Professional Olympic lifters and other strength athletes have used ultra-high-frequency training plans for years to boost short-term performance, but it isn’t generally considered a sustainable approach to weight lifting.
The general composition of a Squat Every Day regimen varies, but should look something like:
- Some form of bilateral, free-weight squat movement performed every day, or every day you normally exercise.
- A very low daily volume of squats, coupled with moderate to high intensities.
- Using either a pre-written plan for working weights, or relying on a one-rep “test single” to guide your back-off sets on each day.
- Most daily squatting protocols run for 4 to 8 weeks.
Squats on Squats on Squats
There’s some truth to that old saying, “find what you love and let it kill you.” If your one and true love in the weight room is the squat, squatting every day is right up your alley — as long as you’re smart about it.
Professional strength athletes have used ultra-high frequency training to kick themselves into overdrive for years, and the proof is in the pudding.
With a calculated approach, dedication to your nutrition and recovery, and more than a little mental fortitude, the back squat can certainly become a constant fixture in your day-to-day routine.
References
- Ralston, G. W., Kilgore, L., Wyatt, F. B., Buchan, D., & Baker, J. S. (2018). Weekly Training Frequency Effects on Strength Gain: A Meta-Analysis. Sports medicine – open, 4(1), 36.
- Krzysztofik, M., Wilk, M., Wojdała, G., & Gołaś, A. (2019). Maximizing Muscle Hypertrophy: A Systematic Review of Advanced Resistance Training Techniques and Methods. International journal of environmental research and public health, 16(24), 4897.
- Yamada, C., Itaguchi, Y., & Fukuzawa, K. (2019). Effects of the amount of practice and time interval between practice sessions on the retention of internal models. PloS one, 14(4), e0215331.
- Perryman, M. (2013). Squat Every Day: Thoughts on Overtraining and Recovery in Strength Training. Myosynthesis Books.
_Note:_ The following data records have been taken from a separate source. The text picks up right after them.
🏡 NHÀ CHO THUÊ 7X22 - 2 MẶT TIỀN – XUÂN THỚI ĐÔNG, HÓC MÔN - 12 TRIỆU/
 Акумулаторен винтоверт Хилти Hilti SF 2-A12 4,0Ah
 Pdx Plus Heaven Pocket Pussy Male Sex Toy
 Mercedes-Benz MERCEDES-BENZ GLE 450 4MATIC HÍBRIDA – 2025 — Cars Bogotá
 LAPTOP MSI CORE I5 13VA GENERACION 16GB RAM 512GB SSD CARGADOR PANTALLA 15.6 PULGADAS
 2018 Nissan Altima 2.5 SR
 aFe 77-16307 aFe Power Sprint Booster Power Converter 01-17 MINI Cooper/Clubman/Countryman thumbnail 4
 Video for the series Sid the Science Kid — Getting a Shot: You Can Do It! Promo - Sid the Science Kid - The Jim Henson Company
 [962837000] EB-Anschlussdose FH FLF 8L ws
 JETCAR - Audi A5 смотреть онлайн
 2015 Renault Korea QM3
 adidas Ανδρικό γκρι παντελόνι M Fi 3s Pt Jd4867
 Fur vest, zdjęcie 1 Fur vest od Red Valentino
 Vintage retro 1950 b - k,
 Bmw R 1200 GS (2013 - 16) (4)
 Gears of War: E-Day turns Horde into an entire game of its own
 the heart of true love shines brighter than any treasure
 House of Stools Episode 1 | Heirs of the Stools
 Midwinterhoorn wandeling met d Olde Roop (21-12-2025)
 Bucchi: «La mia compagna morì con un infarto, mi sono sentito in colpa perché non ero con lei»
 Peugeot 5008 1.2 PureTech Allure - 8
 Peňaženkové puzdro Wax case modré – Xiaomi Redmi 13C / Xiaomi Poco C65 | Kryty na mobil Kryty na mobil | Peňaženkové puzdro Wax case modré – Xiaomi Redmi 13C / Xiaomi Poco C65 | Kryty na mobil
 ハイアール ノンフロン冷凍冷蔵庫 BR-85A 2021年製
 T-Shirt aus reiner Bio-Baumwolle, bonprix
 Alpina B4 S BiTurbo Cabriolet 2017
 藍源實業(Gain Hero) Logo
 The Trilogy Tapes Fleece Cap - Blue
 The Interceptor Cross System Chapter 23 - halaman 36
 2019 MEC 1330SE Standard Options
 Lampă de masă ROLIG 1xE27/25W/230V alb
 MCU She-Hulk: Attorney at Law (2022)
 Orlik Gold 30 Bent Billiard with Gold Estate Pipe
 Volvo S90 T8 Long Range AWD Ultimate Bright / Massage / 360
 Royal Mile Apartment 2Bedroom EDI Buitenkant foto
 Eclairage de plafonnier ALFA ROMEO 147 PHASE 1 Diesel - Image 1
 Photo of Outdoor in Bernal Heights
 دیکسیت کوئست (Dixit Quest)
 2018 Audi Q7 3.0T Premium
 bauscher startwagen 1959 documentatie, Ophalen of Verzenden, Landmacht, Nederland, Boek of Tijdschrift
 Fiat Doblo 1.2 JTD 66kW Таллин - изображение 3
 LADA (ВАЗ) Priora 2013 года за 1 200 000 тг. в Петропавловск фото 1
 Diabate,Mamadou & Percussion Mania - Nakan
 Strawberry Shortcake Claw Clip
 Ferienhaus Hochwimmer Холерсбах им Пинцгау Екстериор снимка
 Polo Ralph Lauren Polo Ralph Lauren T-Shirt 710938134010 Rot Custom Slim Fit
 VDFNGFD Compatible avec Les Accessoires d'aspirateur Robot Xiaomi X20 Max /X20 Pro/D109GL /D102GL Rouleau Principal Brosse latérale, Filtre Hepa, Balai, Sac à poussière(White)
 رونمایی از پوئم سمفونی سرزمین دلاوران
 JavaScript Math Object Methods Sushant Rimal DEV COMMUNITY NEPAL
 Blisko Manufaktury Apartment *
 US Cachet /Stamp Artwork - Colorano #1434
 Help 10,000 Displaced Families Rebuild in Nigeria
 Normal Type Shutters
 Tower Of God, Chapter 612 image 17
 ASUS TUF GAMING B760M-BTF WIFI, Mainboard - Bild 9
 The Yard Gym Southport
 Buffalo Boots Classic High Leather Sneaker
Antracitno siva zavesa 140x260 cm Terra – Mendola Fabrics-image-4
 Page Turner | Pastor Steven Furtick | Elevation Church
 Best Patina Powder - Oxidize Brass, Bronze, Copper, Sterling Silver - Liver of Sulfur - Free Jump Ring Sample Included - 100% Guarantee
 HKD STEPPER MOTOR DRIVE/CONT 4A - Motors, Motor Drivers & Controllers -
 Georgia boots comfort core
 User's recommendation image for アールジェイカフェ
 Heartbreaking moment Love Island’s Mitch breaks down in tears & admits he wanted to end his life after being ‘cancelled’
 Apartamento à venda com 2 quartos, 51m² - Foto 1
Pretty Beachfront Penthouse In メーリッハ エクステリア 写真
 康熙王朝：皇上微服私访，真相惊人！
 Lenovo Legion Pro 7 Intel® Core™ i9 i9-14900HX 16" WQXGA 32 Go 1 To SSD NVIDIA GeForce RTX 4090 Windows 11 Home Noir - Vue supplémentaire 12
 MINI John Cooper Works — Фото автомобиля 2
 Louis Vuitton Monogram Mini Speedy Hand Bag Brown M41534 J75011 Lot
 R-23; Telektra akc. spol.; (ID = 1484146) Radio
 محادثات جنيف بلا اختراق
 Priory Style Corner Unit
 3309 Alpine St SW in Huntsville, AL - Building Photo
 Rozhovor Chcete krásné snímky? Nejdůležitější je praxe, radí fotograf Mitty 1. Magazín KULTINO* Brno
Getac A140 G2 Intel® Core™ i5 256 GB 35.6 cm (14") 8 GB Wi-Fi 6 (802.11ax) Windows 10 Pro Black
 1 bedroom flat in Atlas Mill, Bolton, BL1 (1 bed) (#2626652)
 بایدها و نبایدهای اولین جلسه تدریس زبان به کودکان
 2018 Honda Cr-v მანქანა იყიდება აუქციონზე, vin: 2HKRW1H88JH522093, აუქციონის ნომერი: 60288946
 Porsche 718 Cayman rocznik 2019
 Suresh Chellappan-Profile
- Strömbäck, E., Aasa, U., Gilenstam, K., & Berglund, L. (2018). Prevalence and Consequences of Injuries in Powerlifting: A Cross-sectional Study. Orthopaedic journal of sports medicine, 6(5), 2325967118771016.
- Zourdos, M. C., Dolan, C., Quiles, J. M., et al. (2016). Efficacy of daily one-repetition maximum training in well-trained powerlifters and weightlifters: a case series. Nutricion hospitalaria, 33(2), 437-443.